April 26 produced a concentrated group of financing filings: bond issuance results, bank credit, rating actions, and draft trust deeds. The headline read is simple, but incomplete. The useful distinction is between money already entering the balance sheet and companies that are still preparing the market for a possible deal.
| Company | What happened | Cash proximity | Main test |
|---|---|---|---|
| Shikun & Binui | Series 11 bonds, NIS 500m par, calculated proceeds of NIS 512m | High | Whether proceeds reduce near-term pressure or only extend maturities |
| Imco | NIS 15m secured bank line plus NIS 10m unsecured line | High | Whether working-capital needs stop consuming growth |
| Argo Properties | Approval for NIS 110m par convertible series 1 bonds, expected proceeds of about NIS 115.5m | Fairly high | Conversion terms and potential dilution |
| Manrav | Midroog comment on March equity raise of NIS 360m gross | Already occurred | Whether proceeds reduce debt permanently |
| Mega Or | ilAA rating for unsecured bonds up to NIS 950m par | Execution-dependent | Final size, pricing, and use of proceeds |
| Fox | ilAA- issuer rating and rating for up to NIS 400m par series B bonds | Execution-dependent | Whether new debt funds growth before returns arrive |
| AFI Properties | Considering new unsecured series 18 bonds | Early | Final terms and size |
| Encore Properties | Draft deed for secured series F bonds | Early | Collateral quality and completion of the issuance |
Cash has already changed the read for some companies
Shikun & Binui is the clearest actual-cash event. The company expanded series 11 by NIS 500m par at NIS 1.024 per unit, with calculated proceeds of NIS 512m. The question now is not access to the market. It is how the company uses the money against its debt schedule.
Imco is a different case. The new bank relationship adds a NIS 15m secured line and a NIS 10m unsecured line, taking total credit frameworks to NIS 131m. The company ties the line to growth and working-capital needs. That makes the filing useful, but also cautionary: stronger activity still needs financing before it becomes cash.

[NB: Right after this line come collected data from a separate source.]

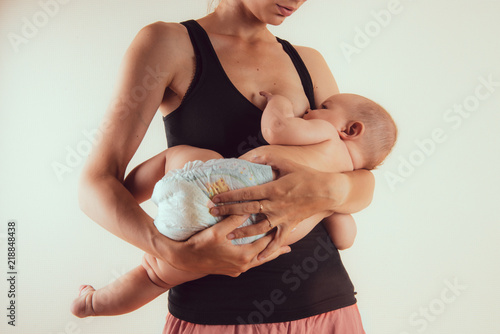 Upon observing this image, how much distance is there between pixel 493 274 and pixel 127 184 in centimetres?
199

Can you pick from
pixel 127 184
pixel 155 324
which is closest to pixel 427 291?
pixel 155 324

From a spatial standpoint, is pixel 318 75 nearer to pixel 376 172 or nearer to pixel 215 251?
pixel 215 251

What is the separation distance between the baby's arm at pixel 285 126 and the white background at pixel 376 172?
1286 mm

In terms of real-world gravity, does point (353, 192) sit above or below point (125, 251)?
above

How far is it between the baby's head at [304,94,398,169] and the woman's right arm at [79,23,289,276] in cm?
40

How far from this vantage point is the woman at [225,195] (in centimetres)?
87

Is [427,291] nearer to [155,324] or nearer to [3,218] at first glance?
[155,324]

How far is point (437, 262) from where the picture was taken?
231 cm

Argo Properties received exchange approval for NIS 110m par of convertible series 1 bonds, with expected proceeds of about NIS 115.5m. This is more economically relevant than the routine option and RSU approval filings published the same day. Still, the read depends on conversion economics, not only on gross proceeds.
Manrav did not raise cash on April 26, but Midroog’s issuer comment sharpened the March equity raise. The IPO brought in NIS 360m gross and improved liquidity and leverage, but Midroog does not expect an immediate rating change. The next proof is whether proceeds reduce debt and interest burden while core contracting profitability keeps improving.
Rating access is not the same as completed funding
Mega Or received confirmation that its ilAA rating applies to unsecured bonds of up to NIS 950m par through an expansion of series 9 and 11. The proceeds are intended mainly for refinancing existing debt and ongoing activity. That is meaningful market access, but the final size, price, and maturity still matter.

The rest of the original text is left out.